Allora i cinque paesi europei del G20 avranno di fronte Trump. E Vladimir Putin. La Russia è stata ancora ieri al centro delle preoccupazioni. Obama ha voluto appoggiarsi sugli europei per mandare un messaggio al suo successore: una messa in guardia, perché venga mantenuta la cooperazione nell’ambito Nato, mentre i leader riuniti a Berlino hanno affermato “unanimi” che è necessario mantenere le sanzioni in corso contro la Russia, per fare pressione su Putin “legate all’Ucraina”, che devono “restare in vigore”, ha suggerito Obama, fino a quando non verranno messi in atto gli accordi di Minsk, sui quali, ha precisato Merkel, i passi avanti “sono invisibili” per il momento. La Russia di Putin crea inquietudine, non solo per la tensione in Ucraina. Da Berlino è stato lanciato un ennesimo appello per una “fine immediata” degli attacchi e dei bombardamenti su Aleppo, da parte del regime di Assad, della Russia con la collaborazione dell’Iran. “Siamo stati unanimi nella condanna delle atrocità che hanno luogo laggiù”, ha sottolineato Theresa May. Una preoccupazione tanto più attuale visto che Trump sembra voler subappaltare alla Russia la questione siriana. Un’ulteriore conferma di un probabile preoccupante deal con Mosca è venuta dalla nomina del generale Michael Flynn come consigliere alla sicurezza di Trump: Flynn è ben conosciuto da Putin, con cui intrattiene rapporti non chiari. Flynn si è distinto per non aver mai condannato la tortura del waterboarding nella lotta al terrorismo.
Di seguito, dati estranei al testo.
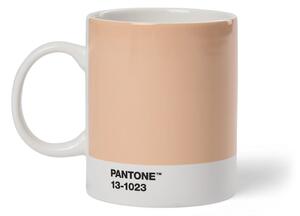 Cană din ceramică roz-portocaliu 375 ml Peach Fuzz 13-1023 – Pantone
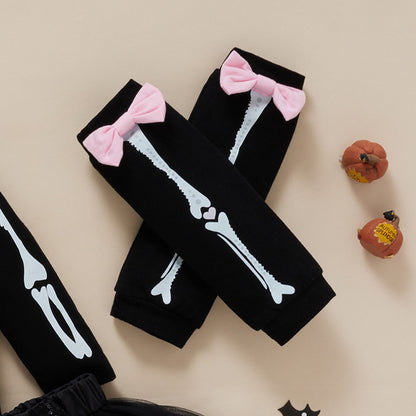 Baby Girls Halloween Clothing Set Cotton Polyester Design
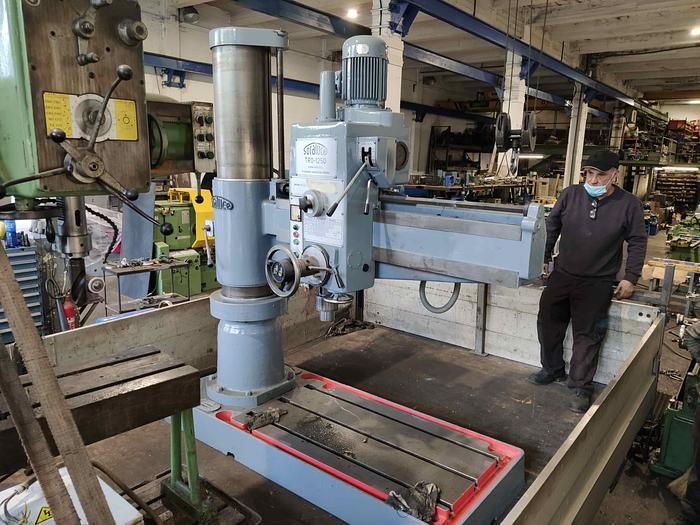 Soraluce TR0-1250 radial drill. Variable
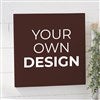 Product Thumbnail 12x12 Canvas Print - Brown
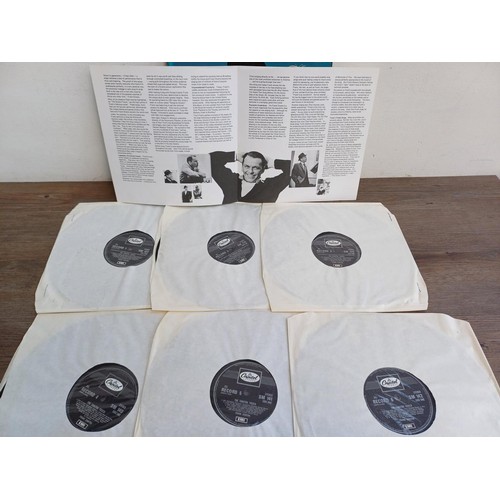 351 - Three items, one Shelley Manne & his Men 'The Proper Time' LP vinyl record (1961 Contemporary – M358... 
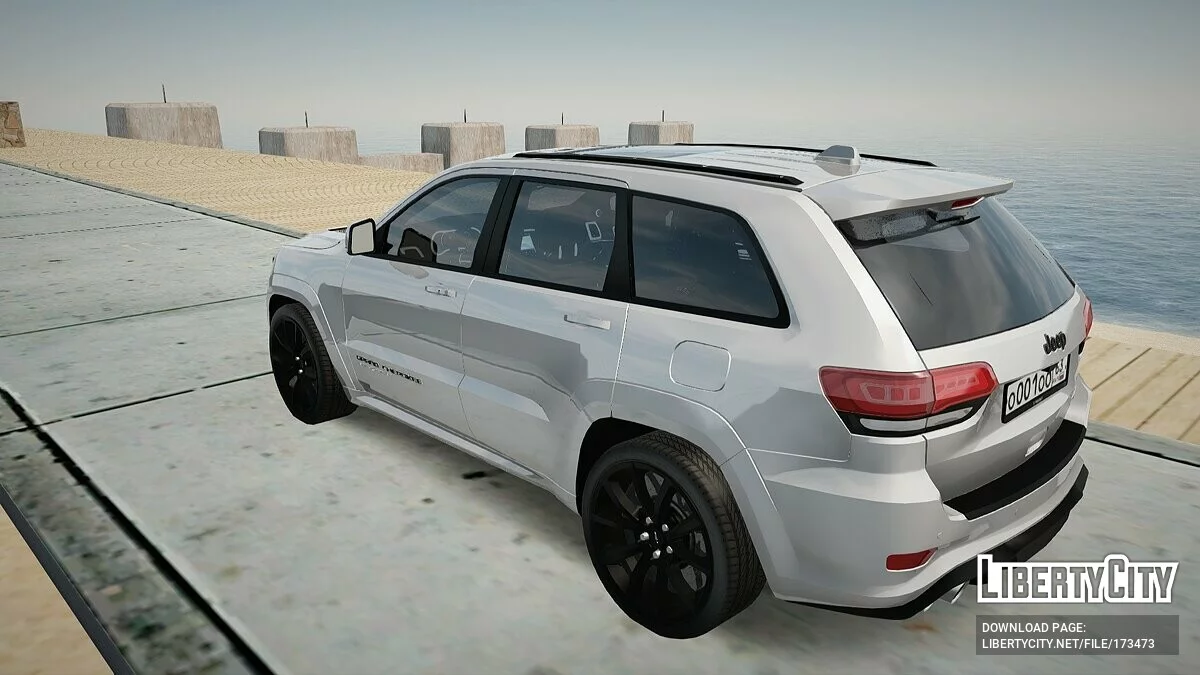 Jeep Grand Cherokee SRT Trackhawk / GTA San Andreas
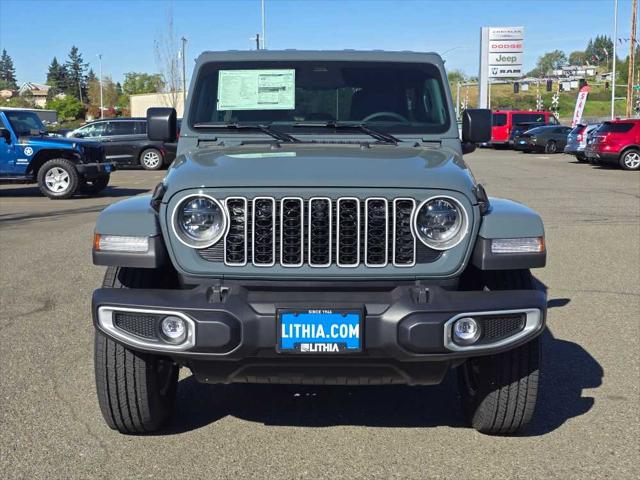 2026 Jeep Wrangler 4-Door Sahara 4x4
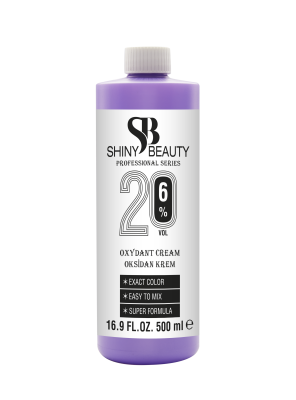 Oxidant Cream 500ml 20 Vol 6%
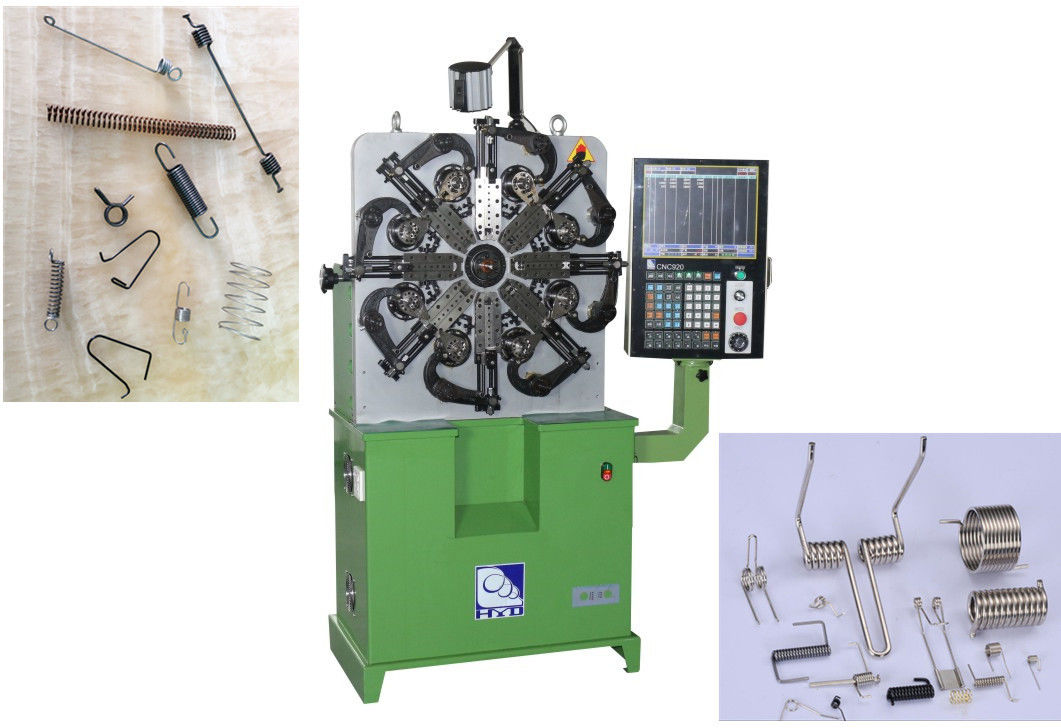 Wielofunkcyjna automatyczna maszyna sprężynowa CNC Trzyosiowy system serwo Szybki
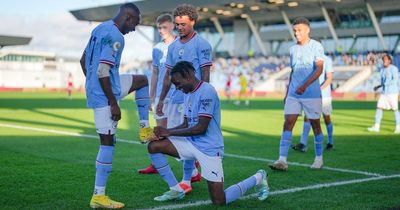 Three players score braces as Man City U21s make title statement in resounding win over Arsenal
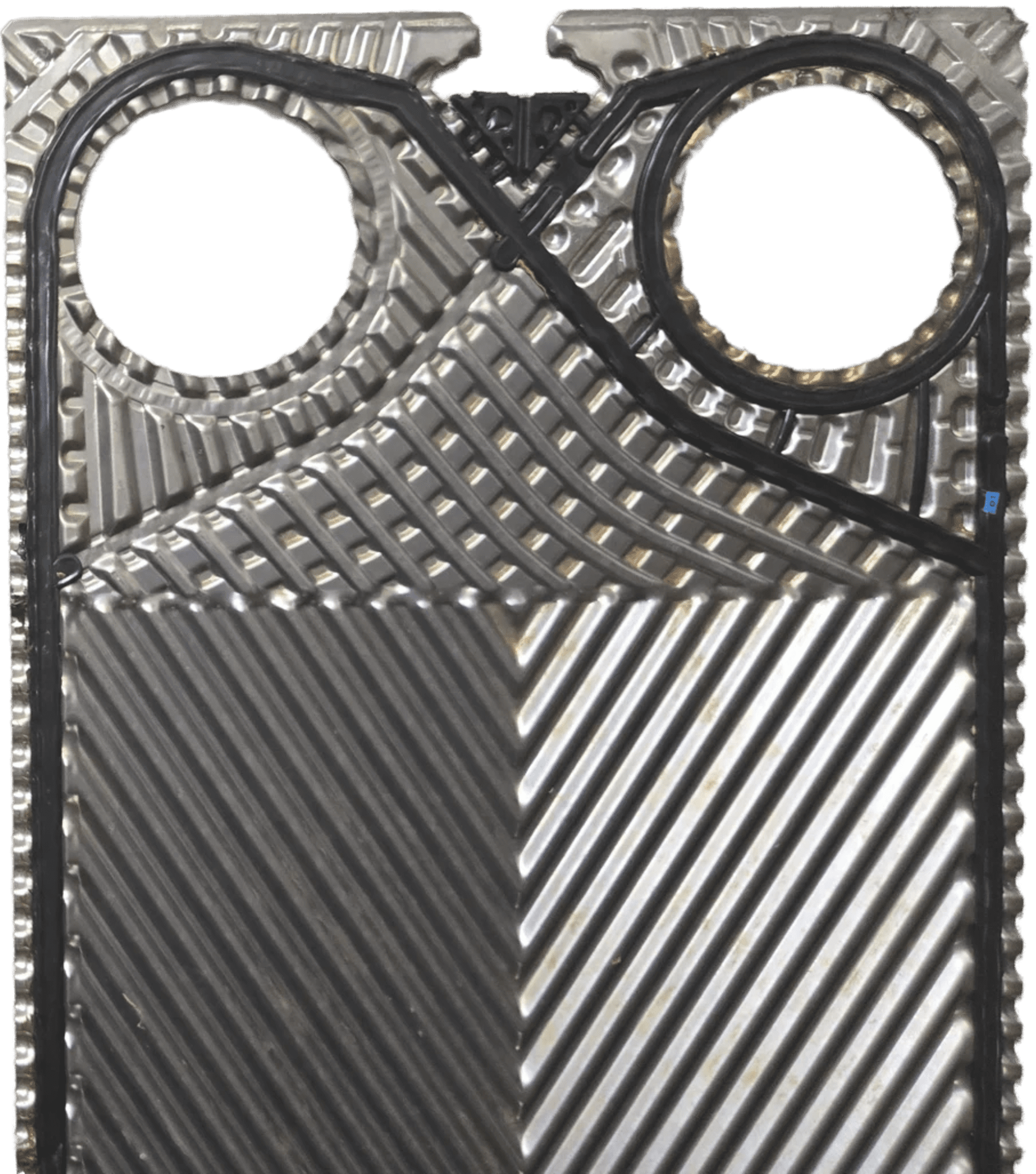 Plate Heat Exchanger – Post-Service Condition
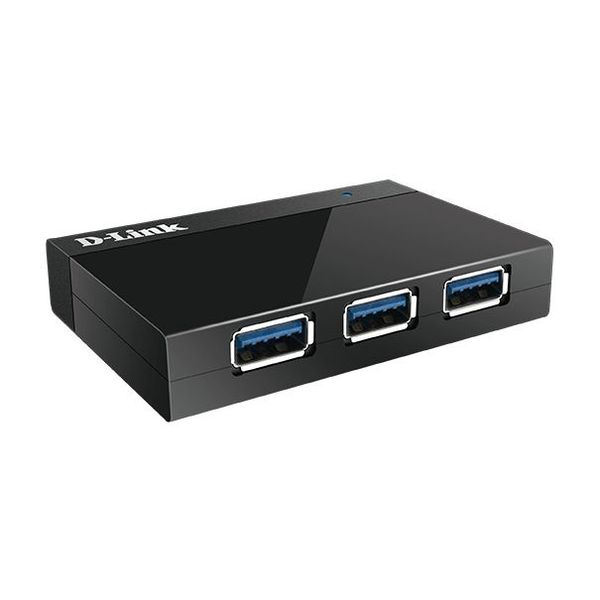 D-Link 4-Port SuperSpeed USB 3.0 Hub DUB-1340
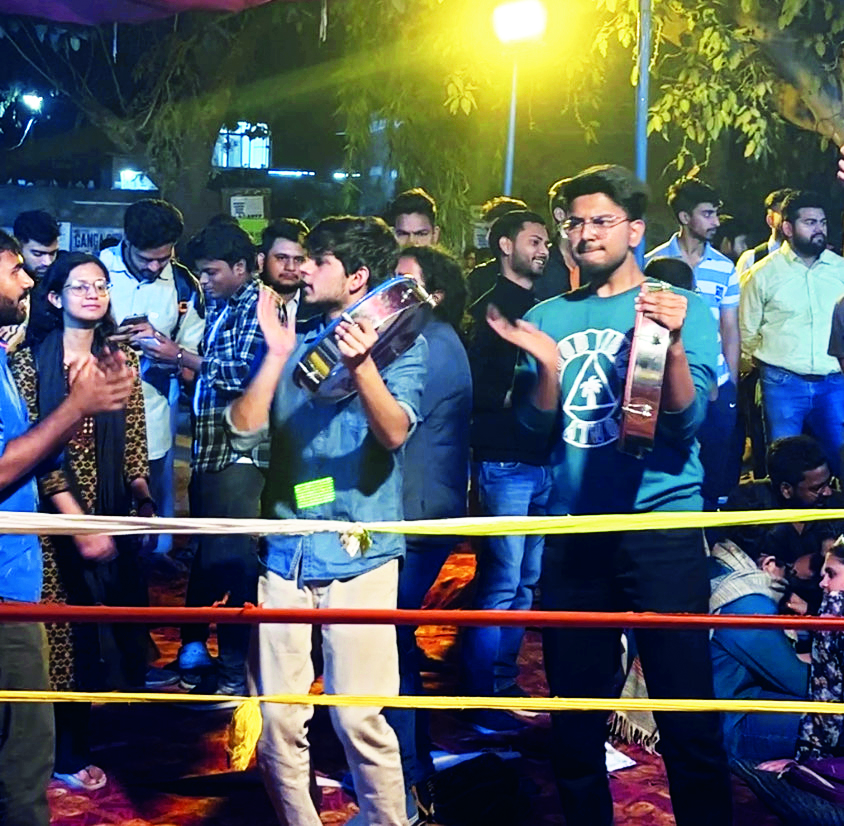 JNUSU elections: Presidential debate draws 1,500 attendees, students express concern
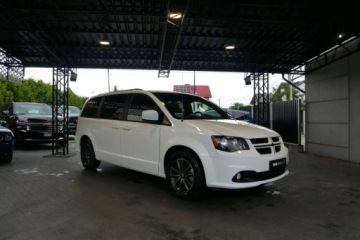 Dodge Caravan V Grand Caravan Facelifting 3.6 VVT 283KM 2018 Dodge Grand Caravan GT 3.6L 287KM 7 os. Kamera Czarna podsufitka 3-Strefy, zdjęcie 1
Il testamento di Berlino di Obama, lasciato agli europei che aveva peraltro trascurato all’inizio della presidenza, non è la resa di un mondo finito: è un sentito appello a combattere il “ripiego” verso il passato, che non è un rimedio alla mondializzazione, che ha fatto e sta facendo male a tanti, e che va corretta con la lotta alle ineguaglianze crescenti, che favoriscono le derive di estrema destra, di qui e di là dell’Atlantico. Persino la confusa Theresa May ha detto ieri che il Brexit dovrà essere un po’ “soft”, perché la Gran Bretagna avrà bisogno di lavorare “collettivamente” con gli altri. Obama ha insistito sull’importanza della cooperazione in seno alle istituzioni multilaterali, ivi compresa la Nato.

“Solo uniti siamo forti” ha sottolineato Merkel.